• _INFORMATION SHOWN_
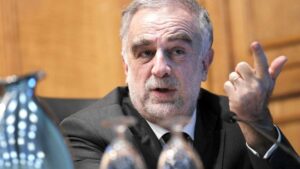 “Se necesita una transición en la que el régimen acepte que perdió las elecciones”
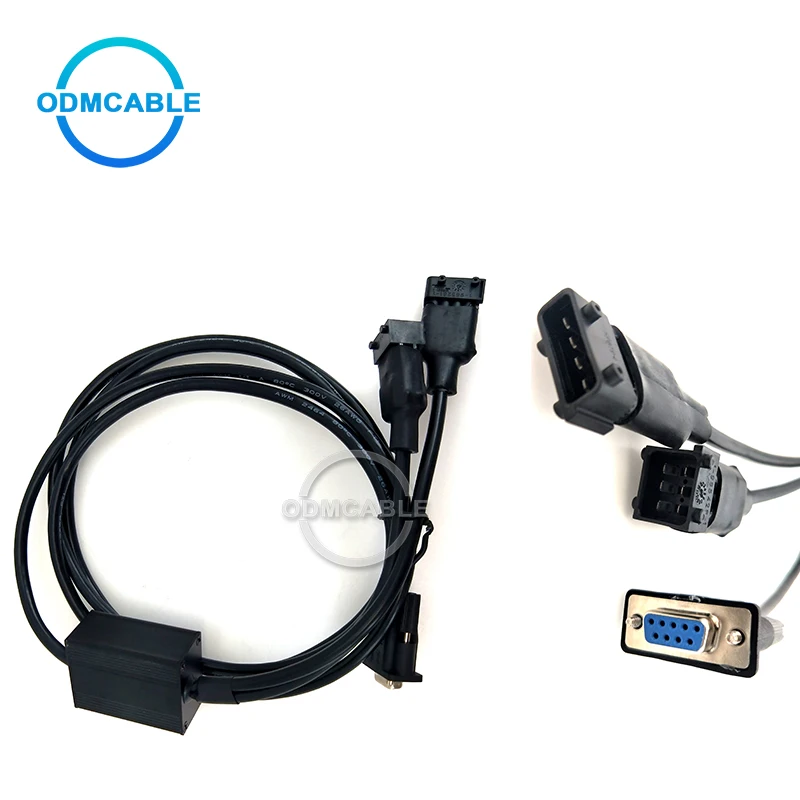 Диагностический сканер linde Doctor forklift диагностический инструмент 6pin и 4pin
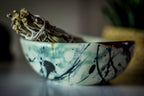 12-G EXPERIMENT Smudge Bowl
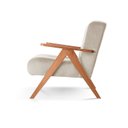 Ver imagem 6 de Poltrona Braço de Madeira Laguna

• _WHAT THE EXERCISE ASKS_
The task calls for repeating each line above exactly while excluding the pictures.

• _TASK RESPONSE_
 “Se necesita una transición en la que el régimen acepte que perdió las elecciones”
 Диагностический сканер linde Doctor forklift диагностический инструмент 6pin и 4pin
 12-G EXPERIMENT Smudge Bowl
 Ver imagem 6 de Poltrona Braço de Madeira Laguna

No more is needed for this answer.